Hi Vinay, I have worked on some payment apps. And each one of them required cvv to be enetered at the time of payment. Now having a back view would not be good UX (in my opinion) because it will add another step for the user. CVV edittext should be there at the front side.

[vinaygaba]

Hi Vijay, I do agree to your point about adding that extra step would be bad UX. About adding the CVV, I was under the impression that it would raise a security concern. But since you have worked on similar apps before, I trust your judgement and personally think that the second option would be a good placement option. It would be really help if u could show screenshots as you are iterating(only if its not a lot of work) to give a better idea as sometimes things look better in a picture than based on a description :) Thanks again for contributing! Really appreciate it!

On Sun, Jun 21, 2015, 1:11 PM Vijay Rawat notifications@github.com wrote:

Hi Vinay, I have worked on some payment apps. And each one of them required cvv to be enetered at the time of payment. Now having a back view would not be good UX (in my opinion) because it will add another step for the user. CVV edittext should be there at the front side.

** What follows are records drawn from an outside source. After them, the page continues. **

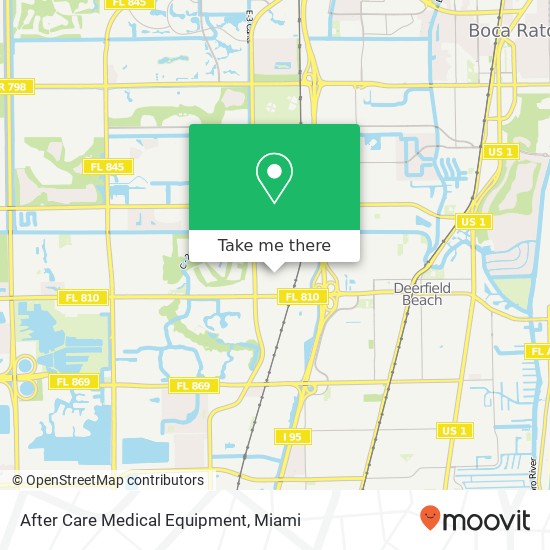 After Care Medical Equipment map
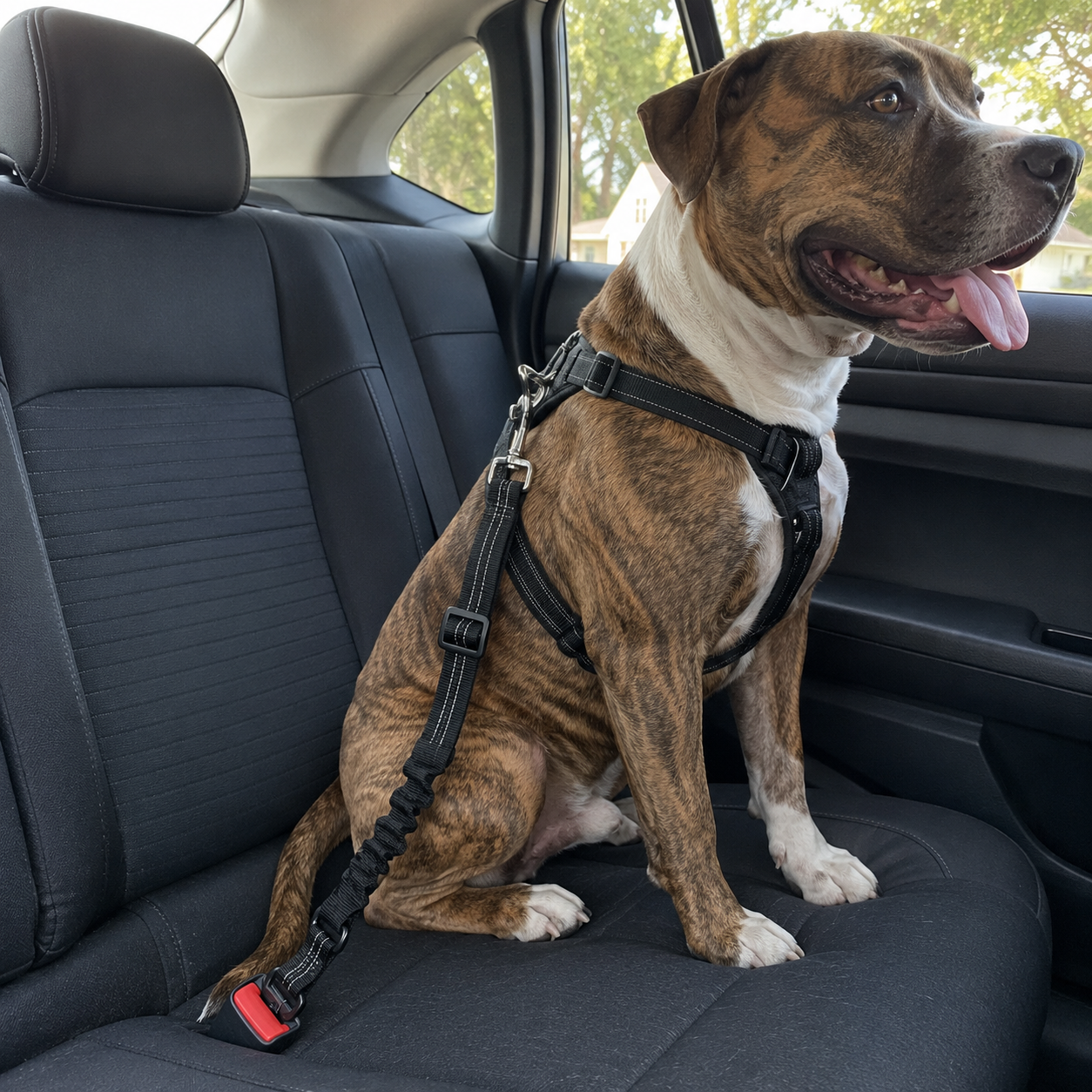 Retractable Pet Car Seat Belt Floral Travel Leash For Dogs And Cats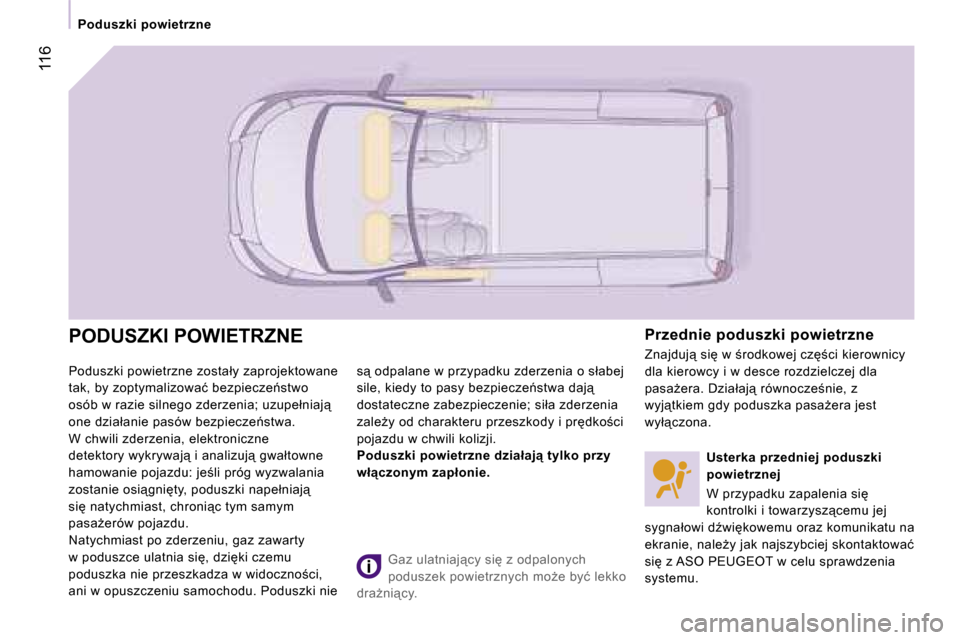 Peugeot Expert VU 2007  Instrukcja Obsługi (in Polish) �1�1�6
�P�o�d�u�s�z�k�i� �p�o�w�i�e�t�r�z�n�e
�P�o�d�u�s�z�k�i� �p�o�w�i�e�t�r�z�n�e� �z�o�s�t�a�ł�y� �z�a�p�r�o�j�e�k�t�o�w�a�n�e�  
�t�a�k�,� �b�y� �z�o�p�t�y�m�a�l�i�z�o�w�a�ć� �b�e�z�p�i�e�c�z�e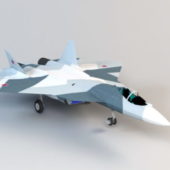 Sukhoi T-50 Russian Fighter Jet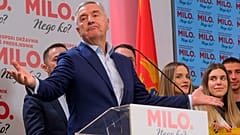 Milo Djukanovic, vencedor da primeira volta da eleição presidencial no Montenegro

— Reply to this email directly or view it on GitHub https://github.com/vinaygaba/CreditCardView/issues/3#issuecomment-113871254 .

[vijayrawatsan]

Its a security concern only if you save any of the data related to credit card in your app. I will try to give you some screen shots later in the evening if possible. Right now contributing to https://github.com/javiersantos/MLManager Can only contribute on weekends for few hours.

Thanks

[vijayrawatsan]

Something like this.

[vinaygaba]

Alright Vijay! Looks good! I can take this up if you haven't started working on this and are busy :)

[vijayrawatsan]

You can take it up if you are gonna work on this winthin few days. I might not have enough time during weekdays. I actually started working on this today(screenshot is from emulator itself), but can't complete as I had to consult regarding the UI with you. I have a few more suggestions will put them up here soon.

[vinaygaba]

Sure Vijay that sounds good. I will try to close this by today and add it in the next minor release along with package change.

[vinaygaba]

Hi Vijay, So I had posted the link to this library on this reddit thread and I got some really valuable suggestions and feedback. One of them said that:

"PCI compliance dictates that you shouldn't store a combination of three items in any database anywhere (unless you work for the credit card companies themshelves) when it comes to credit cards. It's been a while since I've done this but from what I remember, that combination is the credit card number, expiration date, and cvv number. The reason for this is a guess but it seems obvious to me. If you have the combination, you can make transactions on the user's behalf. With this in mind, you might want to consider throwing some type of exception to discourage developers from storing the combination. If you are displaying the combination on the card without any interaction from the user prior, it means you are storing the data somewhere."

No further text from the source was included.